When we’re children, we don’t think this way. It’s perfectly reasonable for a child to plan on being a basketball playing-doctor-soldier-policeman who fights aliens and explores ancient temples. And, while it may not be reasonable for an adult to think they can be paid to do all that, I do think we can diversify more than we normally do.
Last night, I spent a while drawing. Were the results greatness, bound for gallery walls? Nope. Was it as good as something my old roommate, an art teacher, could dash out in 15 minutes? Not even close. But was I happy with the results? Given my expectations for myself, I’d go so far as to say I was surprised by how good it was.

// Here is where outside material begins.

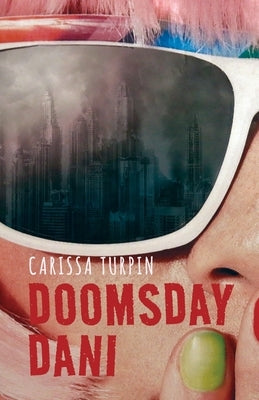 Doomsday Dani by Turpin, Carissa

I was even more surprised by how much fun I had in the process. For so long I’ve fallen into the trap of thinking, “I’m a writer, not an artist. I don’t even want to be an artist. Leave that to the artsy-types.” When I stopped comparing myself to artists who’ve been drawing for most of their lives and are professionals, I was able to enjoy making my own scratchings – and I’m planning on coming back to the drawing pad again.
I’d encourage you to try something new this week. Maybe that means making something in the kitchen, or picking up a guitar or harmonica, or sitting down at a piano, or doodling on the back of a grocery list, or taking a few pictures. Whatever you do, don’t compare the results to someone years of experience, or a freakish amount of God-given talent. That’ll just discourage you. Instead, judge the results by a much more subjective standard: “Did I have fun?”
If the answer’s yes, maybe you’ll decide to de-specialize, just a little.